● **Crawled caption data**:
*** Begin section ***
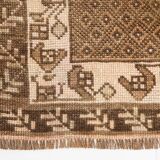 Brown & beige classic vintage rug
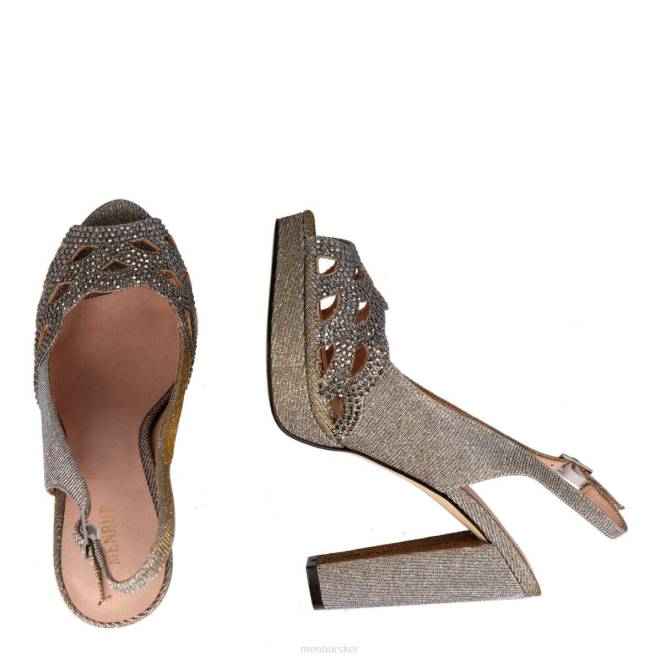 Menbur kvinnor grå kanalen högklackat 608J899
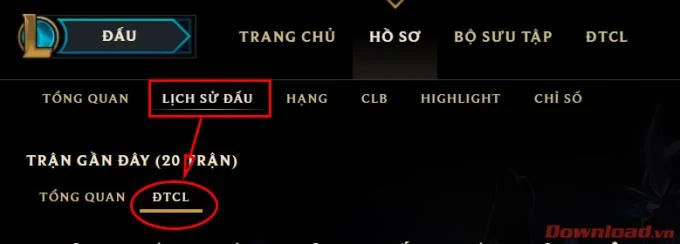 DTCL: instrucciones sobre cómo revisar el historial de partidos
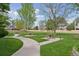 Enjoy the picnic tables in the grassy common area of the community at 17611 Hoyt Pl, Parker, CO 80134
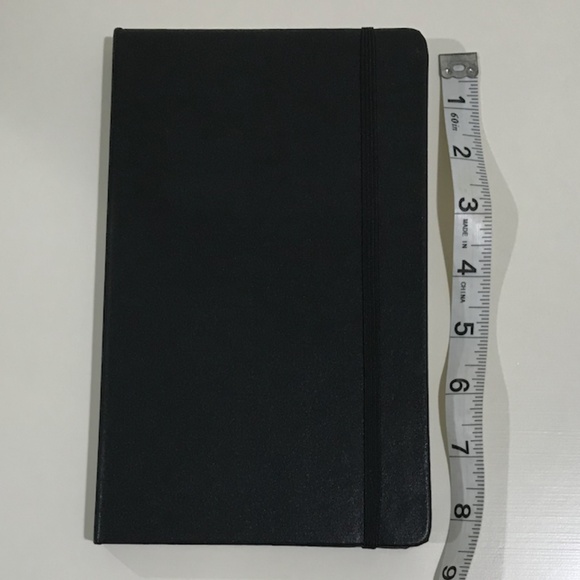 NWOT Piccadilly Essential Lined Black Notebook - Picture 14 of 15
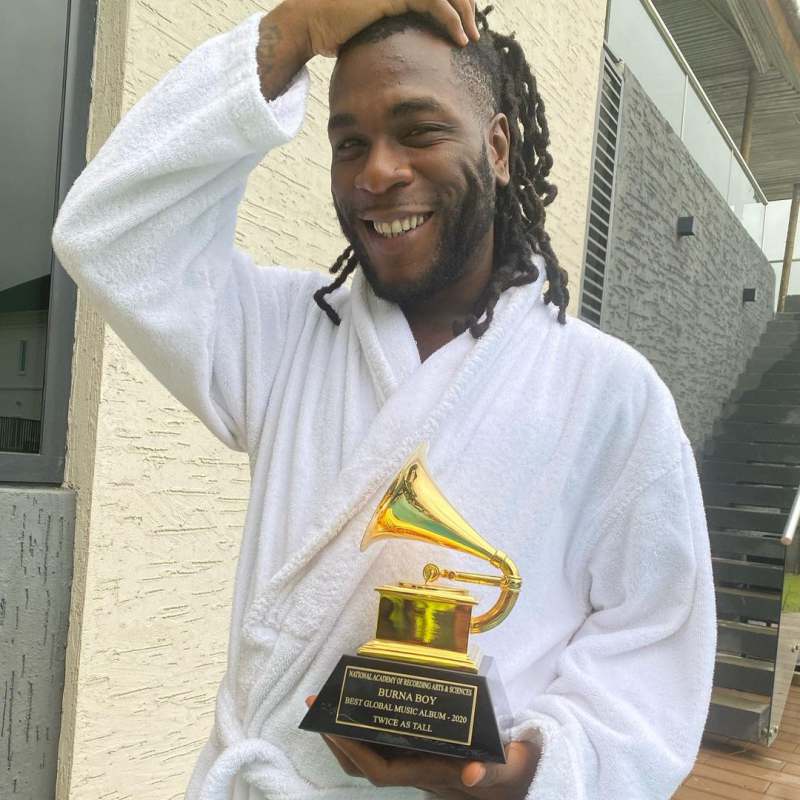Burna Boy says as he takes delivery of his Grammy Award – “I am a product of sacrifice” [Video] || PEAKVIBEZ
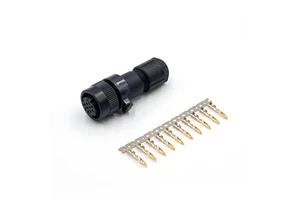 Lechuan High Quality IP67 Encoder Servo Motor Circular Connector Housings JN1DS10SL2 JAE Replaced Aviation Plug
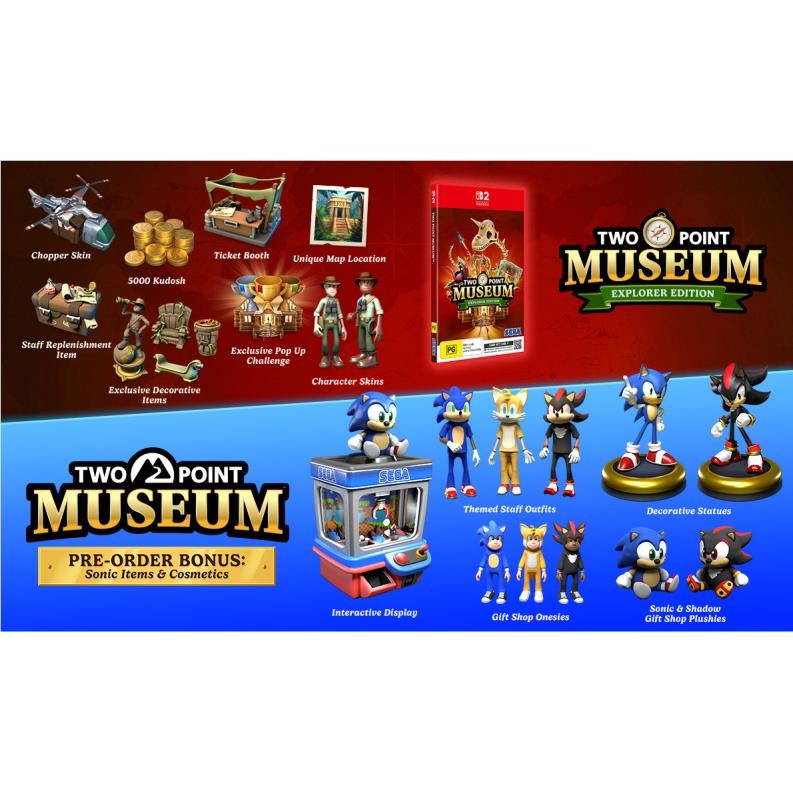 Two Point Museum: Explorer Edition - Nintendo Switch 2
*** End section ***
Please transcribe exactly the part of the records that opens with the line containing "Menbur kvinnor grå" and closes with the line containing "Enjoy the picnic", both ends included, and leave out the pictures.

 Menbur kvinnor grå kanalen högklackat 608J899
 DTCL: instrucciones sobre cómo revisar el historial de partidos
 Enjoy the picnic tables in the grassy common area of the community at 17611 Hoyt Pl, Parker, CO 80134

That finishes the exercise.